La historia de este gobierno es la de la popularidad del presidente Peña Nieto. Sus niveles de aprobación han sido reducidos desde el inicio de su administración, en comparación con todos sus antecesores (excepto con los de Ernesto Zedillo en 1995). En la medida en que han transcurrido los años y meses de su gobierno —especialmente desde el otoño de 2014, cuando Ayotzinapa y la casa blanca—, la caída de respaldo social no ha cesado. Así, hemos atestiguado, cada que aparecía una nueva encuesta, menores niveles históricos: ya está por debajo de 40 por ciento de aprobación, ya tiene menos de 30, de 20. Después del gasolinazo de enero su popularidad es, según la encuesta de Reforma, de solo 12 por ciento. Para darse una idea, es el rango en el que se mueve el respaldo de personajes como Maduro en Venezuela.

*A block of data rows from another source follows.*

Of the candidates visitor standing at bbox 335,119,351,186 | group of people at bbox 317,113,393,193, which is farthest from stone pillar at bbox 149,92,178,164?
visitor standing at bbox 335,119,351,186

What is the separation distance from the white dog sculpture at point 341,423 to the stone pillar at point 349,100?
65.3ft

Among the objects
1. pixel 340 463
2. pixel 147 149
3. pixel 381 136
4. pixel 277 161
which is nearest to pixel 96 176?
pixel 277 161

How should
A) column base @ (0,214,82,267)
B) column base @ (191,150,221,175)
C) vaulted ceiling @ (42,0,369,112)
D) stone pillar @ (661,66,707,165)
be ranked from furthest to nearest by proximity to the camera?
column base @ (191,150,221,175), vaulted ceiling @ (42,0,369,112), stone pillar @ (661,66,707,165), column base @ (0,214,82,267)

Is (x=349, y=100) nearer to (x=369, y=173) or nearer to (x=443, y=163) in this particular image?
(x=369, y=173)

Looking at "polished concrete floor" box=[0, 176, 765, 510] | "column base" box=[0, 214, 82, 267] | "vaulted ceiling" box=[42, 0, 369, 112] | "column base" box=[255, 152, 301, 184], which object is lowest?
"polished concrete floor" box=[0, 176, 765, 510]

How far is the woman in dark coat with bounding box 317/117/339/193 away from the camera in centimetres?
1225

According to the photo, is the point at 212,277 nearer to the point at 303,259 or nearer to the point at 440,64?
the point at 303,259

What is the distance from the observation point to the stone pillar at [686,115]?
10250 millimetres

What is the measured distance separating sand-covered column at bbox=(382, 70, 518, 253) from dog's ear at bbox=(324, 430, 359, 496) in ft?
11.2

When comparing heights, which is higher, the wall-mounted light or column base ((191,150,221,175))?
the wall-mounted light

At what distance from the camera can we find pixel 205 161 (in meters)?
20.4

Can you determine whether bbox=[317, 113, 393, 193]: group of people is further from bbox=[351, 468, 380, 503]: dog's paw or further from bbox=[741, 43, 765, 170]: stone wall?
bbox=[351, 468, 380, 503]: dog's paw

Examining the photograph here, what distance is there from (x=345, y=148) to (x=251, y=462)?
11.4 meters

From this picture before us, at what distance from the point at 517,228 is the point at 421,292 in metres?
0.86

¿En qué se traduce un rechazo social tan amplio y contundente? Porque hay que decirlo, sus facultades presidenciales son exactamente las mismas. Es decir, su poder legal de tomar decisiones por todos nosotros no disminuye ni un ápice. El problema es la pérdida de credibilidad y de convocatoria. Popularidad de 12 por ciento significa que solo uno de cada ocho ciudadanos cree que el Presidente gobierna en beneficio de los mexicanos, mientras que los otros siete opinan que lo hace mal o en beneficio de quien sea (los políticos corruptos o sus amigos, por ejemplo), menos de la sociedad. En la encuesta de GEA de diciembre pasado, 53 por ciento de los ciudadanos no le creía nada al Presidente; 6 por ciento mucho (uno de cada 16) y el resto poco.

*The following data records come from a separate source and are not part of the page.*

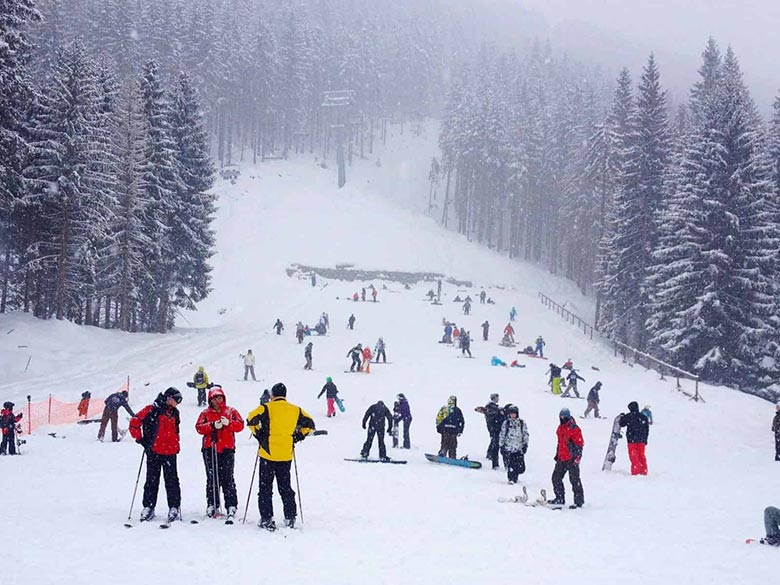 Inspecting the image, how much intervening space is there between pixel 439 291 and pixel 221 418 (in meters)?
49.9

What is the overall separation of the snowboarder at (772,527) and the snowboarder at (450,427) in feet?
24.6

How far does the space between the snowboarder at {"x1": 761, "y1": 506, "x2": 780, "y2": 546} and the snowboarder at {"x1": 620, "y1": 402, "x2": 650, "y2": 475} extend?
211 inches

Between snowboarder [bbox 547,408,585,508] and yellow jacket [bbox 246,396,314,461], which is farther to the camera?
snowboarder [bbox 547,408,585,508]

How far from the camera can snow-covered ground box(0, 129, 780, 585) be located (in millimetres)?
7867

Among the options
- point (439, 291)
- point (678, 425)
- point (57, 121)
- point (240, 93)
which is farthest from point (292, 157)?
point (678, 425)

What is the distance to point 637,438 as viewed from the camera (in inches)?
606

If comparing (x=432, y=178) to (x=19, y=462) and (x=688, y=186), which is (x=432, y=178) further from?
(x=19, y=462)

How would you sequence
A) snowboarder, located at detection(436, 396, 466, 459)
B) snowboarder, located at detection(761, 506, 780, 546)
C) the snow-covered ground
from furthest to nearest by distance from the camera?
snowboarder, located at detection(436, 396, 466, 459) < snowboarder, located at detection(761, 506, 780, 546) < the snow-covered ground

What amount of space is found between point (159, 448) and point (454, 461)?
849 centimetres

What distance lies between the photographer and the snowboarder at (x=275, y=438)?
892cm

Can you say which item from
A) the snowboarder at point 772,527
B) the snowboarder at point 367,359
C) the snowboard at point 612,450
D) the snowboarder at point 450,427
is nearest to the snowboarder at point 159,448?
the snowboarder at point 450,427

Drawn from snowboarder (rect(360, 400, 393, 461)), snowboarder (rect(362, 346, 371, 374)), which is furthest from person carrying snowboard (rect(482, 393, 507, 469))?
snowboarder (rect(362, 346, 371, 374))

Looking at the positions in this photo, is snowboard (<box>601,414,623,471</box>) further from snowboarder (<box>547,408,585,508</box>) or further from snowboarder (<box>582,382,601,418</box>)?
snowboarder (<box>582,382,601,418</box>)

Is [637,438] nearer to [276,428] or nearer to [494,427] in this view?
[494,427] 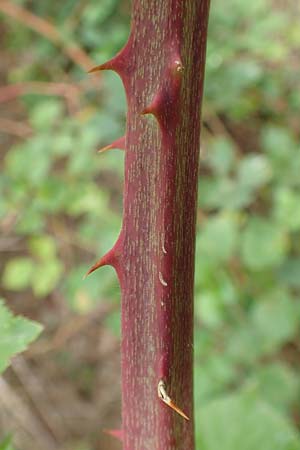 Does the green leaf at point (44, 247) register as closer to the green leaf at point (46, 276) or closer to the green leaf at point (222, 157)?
the green leaf at point (46, 276)

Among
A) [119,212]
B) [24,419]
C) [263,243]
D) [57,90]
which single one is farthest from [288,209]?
[24,419]

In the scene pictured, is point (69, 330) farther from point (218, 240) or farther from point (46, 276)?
point (218, 240)

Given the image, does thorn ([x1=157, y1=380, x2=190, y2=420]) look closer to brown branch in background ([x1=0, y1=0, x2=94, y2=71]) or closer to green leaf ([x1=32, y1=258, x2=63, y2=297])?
green leaf ([x1=32, y1=258, x2=63, y2=297])

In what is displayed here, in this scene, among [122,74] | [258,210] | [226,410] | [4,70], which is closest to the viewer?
[122,74]

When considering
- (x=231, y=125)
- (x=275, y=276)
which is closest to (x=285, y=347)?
(x=275, y=276)

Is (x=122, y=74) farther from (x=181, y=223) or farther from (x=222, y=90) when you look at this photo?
(x=222, y=90)

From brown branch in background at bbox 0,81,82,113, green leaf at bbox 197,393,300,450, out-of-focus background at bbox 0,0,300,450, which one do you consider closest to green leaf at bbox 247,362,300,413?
out-of-focus background at bbox 0,0,300,450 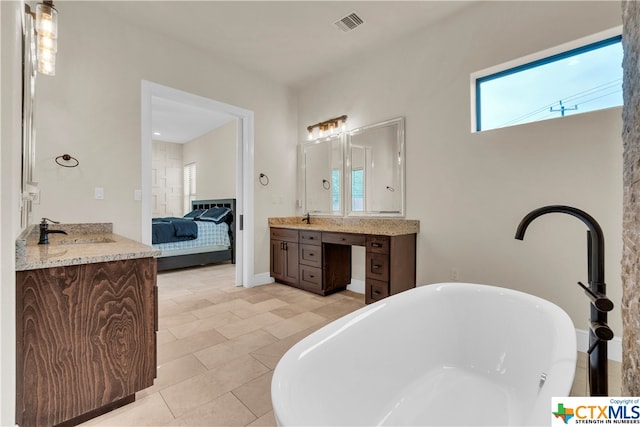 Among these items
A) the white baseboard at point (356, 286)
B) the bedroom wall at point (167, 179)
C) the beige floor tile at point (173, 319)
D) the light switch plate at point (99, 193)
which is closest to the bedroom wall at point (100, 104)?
the light switch plate at point (99, 193)

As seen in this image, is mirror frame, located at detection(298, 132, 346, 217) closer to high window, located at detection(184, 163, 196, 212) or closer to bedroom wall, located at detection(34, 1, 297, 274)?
bedroom wall, located at detection(34, 1, 297, 274)

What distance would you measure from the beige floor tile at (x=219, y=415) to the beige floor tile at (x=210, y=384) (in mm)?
45

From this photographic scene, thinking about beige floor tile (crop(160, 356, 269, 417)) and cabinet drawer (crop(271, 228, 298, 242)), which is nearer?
beige floor tile (crop(160, 356, 269, 417))

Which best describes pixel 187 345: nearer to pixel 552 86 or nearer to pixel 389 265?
pixel 389 265

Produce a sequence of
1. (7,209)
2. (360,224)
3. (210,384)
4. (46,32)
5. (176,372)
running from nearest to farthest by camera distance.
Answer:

Y cuando no se aprueba su gestión de gobierno ni se cree nada en lo que dice, un presidente difícilmente puede convocar a la sociedad a respaldar y potenciar las políticas, programas y acciones de gobierno. Esto es muy grave, pues sin la sociedad no hay gobernanza. En la complejidad del siglo 21, de un mundo globalizado y con un presidente chiflado en la Casa Blanca, los retos para los gobiernos son excesivos y todos sus recursos y capacidades no bastan para gobernar bien. El sector privado es el generador de riqueza más importante, las organizaciones sociales contribuyen a la generación de bienes y servicios públicos, las universidades crean conocimiento, los campesinos producen alimentos, etcétera.
Es la contribución social —coordinada y conducida por el gobierno— junto con las tareas desempeñadas por los poderes públicos lo que hace posible enfrentar los retos del país. Si en vez de eso, cada discurso y decisión del gobierno es confrontada, descreída y rechazada por la sociedad, el país está en problemas. México requiere finanzas públicas sanas y el incremento de la gasolina es necesario para ello. Al no haber legitimidad en la manera como el gobierno gasta los dineros públicos y no creerle nada al Presidente, en vez de aceptar el sacrificio que supone pagar más por la gasolina, lo que se genera son marchas de protesta y hasta vandalismo.
¿Cuánto más aguantará el país decisiones de un gobierno con esos niveles de aprobación presidencial? Incrementarla debiera ser una prioridad. Responder de manera inteligente y eficaz el reto que supone Trump en la Casa Blanca es quizá la última oportunidad de Enrique Peña de subir su popularidad y ganar credibilidad, pues difícilmente lo hará por la vía de una mejor economía, más seguridad o menos corrupción. Anteayer anunció las líneas de su política al respecto. Falta traducirlas en hechos que convenzan a los ciudadanos de que esta vez sí hará las cosas bien, que realmente defenderá a los mexicanos, la economía y los intereses del país con eficacia. De ello depende, en buena medida, que el país no se deslice hacia una crisis grave de fin de sexenio.